Para la zurda Marlene Fonst, integrante de los equipos nacionales de florete desde 1972 hasta 1982, fue un golpe devastador. Los recuerdos de su vida como esgrimista, de sus amigas de entonces y los detalles de esos días los mantiene intactos, aunque habla muy poco de ellos porque duele.

“Era mi familia, con la que convivía diariamente. Incluso, me había casado el 25 de agosto y fueron Inés Luaces y Milagros Peláez quienes plancharon mi ropa de la boda; la cual aún tengo guardada.

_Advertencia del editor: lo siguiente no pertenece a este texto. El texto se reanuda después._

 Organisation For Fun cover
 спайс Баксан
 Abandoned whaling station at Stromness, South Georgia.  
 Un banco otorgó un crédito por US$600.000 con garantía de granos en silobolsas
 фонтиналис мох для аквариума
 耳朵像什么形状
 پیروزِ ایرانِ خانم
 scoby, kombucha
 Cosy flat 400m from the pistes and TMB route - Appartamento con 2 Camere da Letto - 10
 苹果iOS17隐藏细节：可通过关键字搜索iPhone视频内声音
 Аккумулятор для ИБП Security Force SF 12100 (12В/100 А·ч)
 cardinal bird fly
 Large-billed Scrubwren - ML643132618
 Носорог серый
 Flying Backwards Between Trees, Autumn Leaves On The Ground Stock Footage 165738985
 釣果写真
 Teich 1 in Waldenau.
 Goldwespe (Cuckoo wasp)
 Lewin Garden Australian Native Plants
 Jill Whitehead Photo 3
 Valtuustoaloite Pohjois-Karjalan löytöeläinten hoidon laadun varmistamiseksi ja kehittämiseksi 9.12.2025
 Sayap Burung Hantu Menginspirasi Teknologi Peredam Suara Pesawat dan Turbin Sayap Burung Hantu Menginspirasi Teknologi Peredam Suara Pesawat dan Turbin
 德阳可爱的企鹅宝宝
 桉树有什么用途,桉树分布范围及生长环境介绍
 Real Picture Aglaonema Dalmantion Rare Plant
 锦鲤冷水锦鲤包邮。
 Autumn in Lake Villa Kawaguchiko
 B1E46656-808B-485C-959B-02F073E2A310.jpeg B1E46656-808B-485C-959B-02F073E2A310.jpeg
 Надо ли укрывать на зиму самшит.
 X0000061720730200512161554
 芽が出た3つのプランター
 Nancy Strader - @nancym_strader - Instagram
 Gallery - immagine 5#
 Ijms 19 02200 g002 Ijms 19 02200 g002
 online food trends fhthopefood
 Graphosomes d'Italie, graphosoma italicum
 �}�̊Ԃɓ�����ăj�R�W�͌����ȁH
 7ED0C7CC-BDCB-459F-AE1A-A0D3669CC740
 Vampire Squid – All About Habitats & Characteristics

“A Nancy Uranga la llevaron con poco tiempo, pues cuando regresamos de los Juegos Olímpicos nos habían dado un descanso, pero la incluyeron para reforzar el equipo pues tiró muy bien en Montreal. Con ella tenía más afinidad porque teníamos la misma edad y siempre que viajábamos compartíamos habitación. Quizás por eso antes de irse a Venezuela me contó que estaba embarazada”.

Sin embargo, la gran deuda de Marlene es con Ricardo Cabrera, su amigo personal y del que se distanció por una de tantas bromas hechas en los numerosos viajes. “Fueron cosas de muchacho, pero estuve mucho tiempo sin dirigirle la palabra y antes de irse me preguntó hasta cuándo iba a estar así con él. Le respondí que cuando regresara de Venezuela decidiría si le volvía a hablar”.

Los ojos húmedos de Marlene son testigos del remordimiento y la tristeza de quien pierde a buena parte de su mundo justo antes de comenzar a disfrutarlo, pues la bomba escondida en el baño del avión terminó con la vida de sus amigos, pero desató el dolor entre quienes han vivido estos 38 años con los recuerdos de las últimas conversaciones y sonrisas compartidas.

Esa tarde de octubre, ajenos al reloj impostado en la masa de explosivo C4, los 24 integrantes de la delegación —de ellos 16 atletas— disfrutaban de las ocho medallas de oro obtenidas, un resultado hasta entonces inaudito. Tras la escala en Seawell apenas unas horas los separaban de casa y su gente.

Dos minutos pasadas las 12:23 todo había terminado para ellos y las cristalinas aguas de Barbados sepultaban, junto al cuerpo metálico del DC-8, las risas previas al despegue, los chistes y los planes de 16 jóvenes y sus entrenadores que apenas comenzaban a vivir un sueño.